■ **SOURCE INFORMATION**
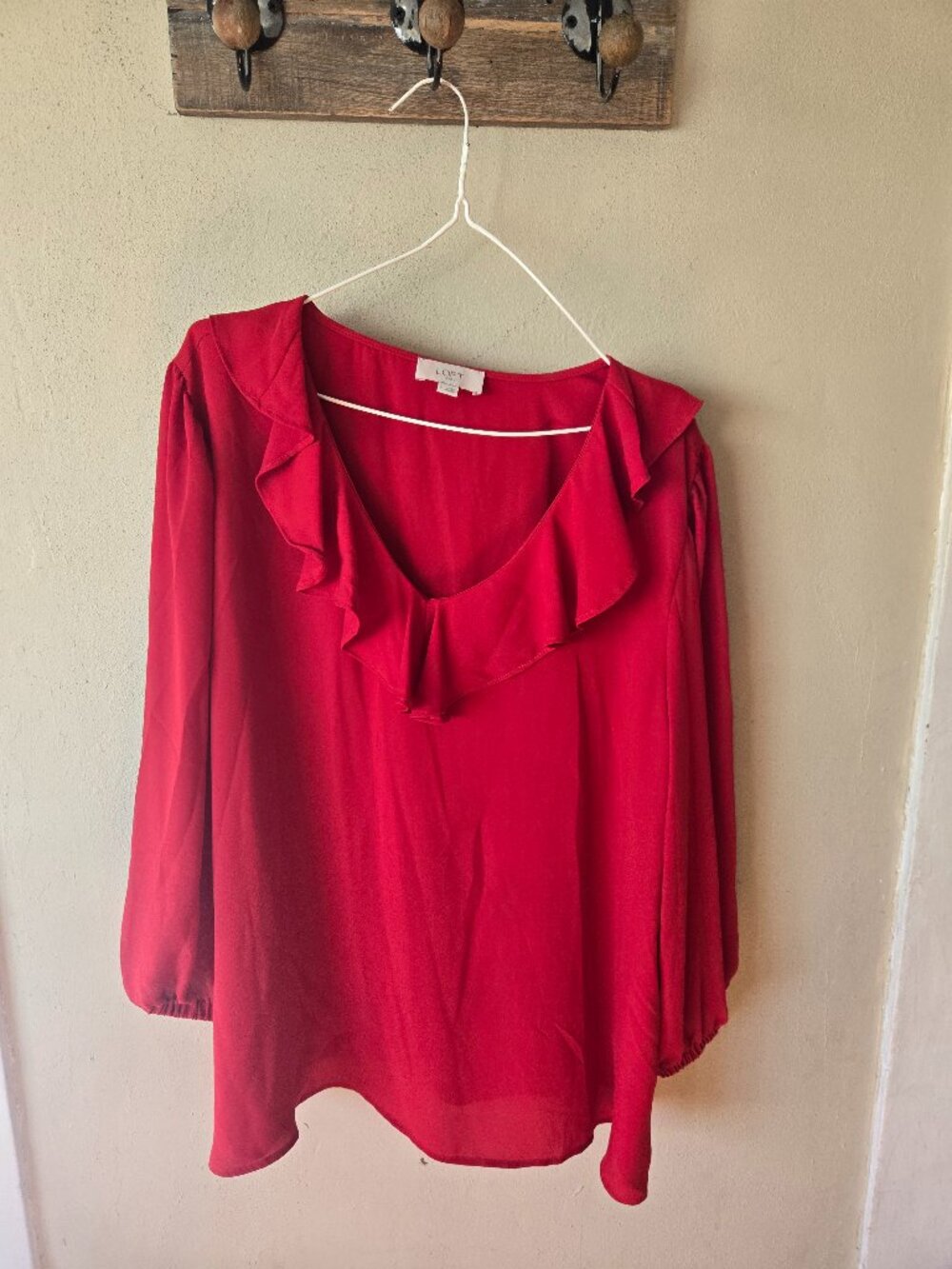 Dressy blouse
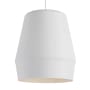 Visual Comfort Allea 13" Wide Pendant White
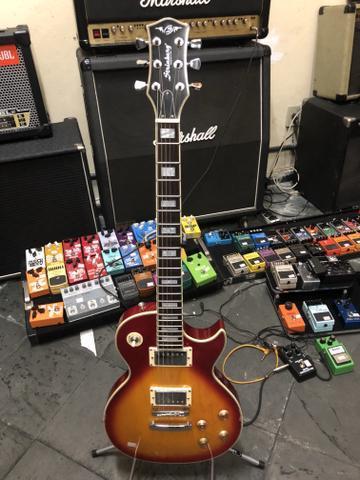 Guitarra Les Paul Strinberg usada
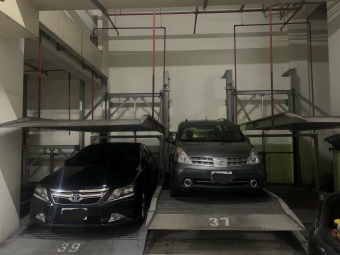 璽福及第機械車位出租（第2張）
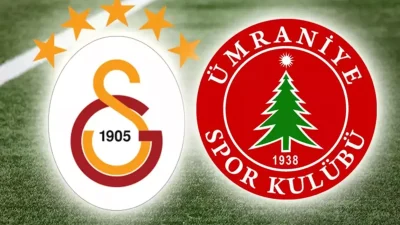 Ümraniyespor - Galatasaray hazırlık maçı saat kaçta başlıyor, hangi kanalda?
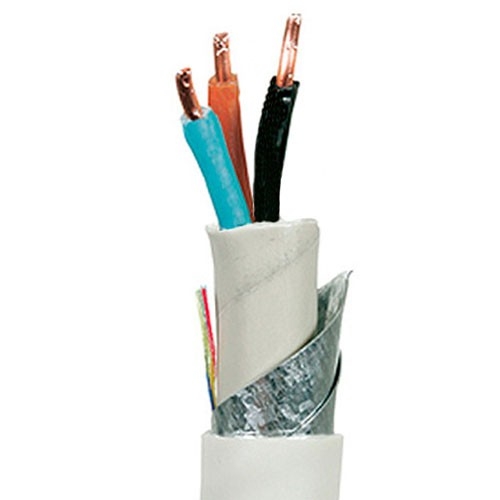 El kabel PAPJ 3x1,5mm² - 100 meter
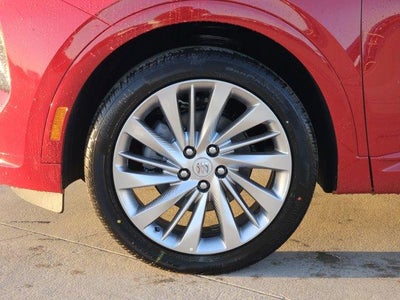 2026 Buick Envision Avenir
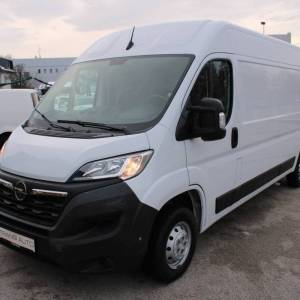 Opel Movano 2.2D 140ks L3H2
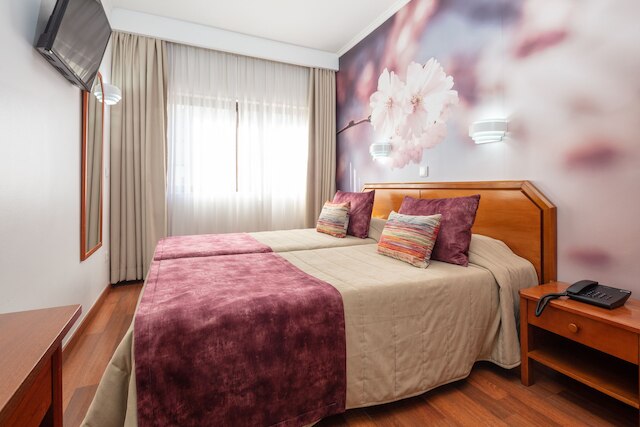 ホテル アンジョス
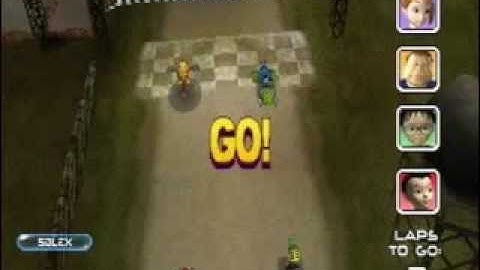 5M: Cubix Robots for Everyone: Race 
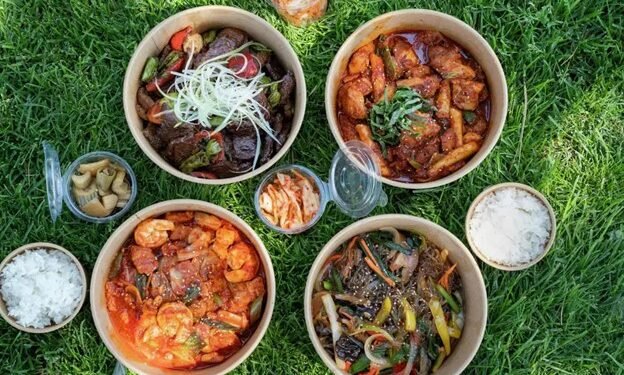 Shin Starr’s robotic food truck kitchen will serve up Korean BBQ at TechCrunch Disrupt 2025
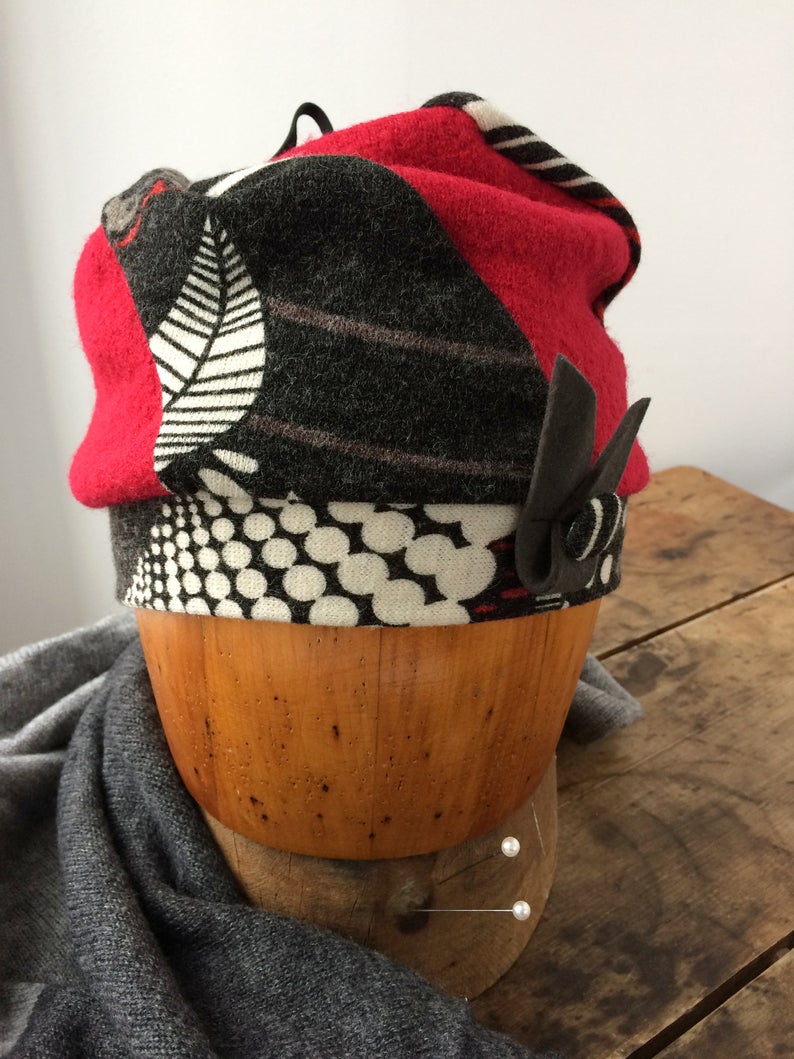 Têtu-Têtu, chapeaux et accessoires | Rue Champagnat, Lévis, QC G6V 2B3, Canada | Phone: (418) 833-7511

■ **ABOUT THIS EXERCISE**
Reproduce exactly, with no pictures, the lines above from the one holding "Ümraniyespor - Galatasaray" to the one holding "Shin Starr’s robotic", inclusive.

■ **FINISHED EXERCISE**
 Ümraniyespor - Galatasaray hazırlık maçı saat kaçta başlıyor, hangi kanalda?
 El kabel PAPJ 3x1,5mm² - 100 meter
 2026 Buick Envision Avenir
 Opel Movano 2.2D 140ks L3H2
 ホテル アンジョス
 5M: Cubix Robots for Everyone: Race 
 Shin Starr’s robotic food truck kitchen will serve up Korean BBQ at TechCrunch Disrupt 2025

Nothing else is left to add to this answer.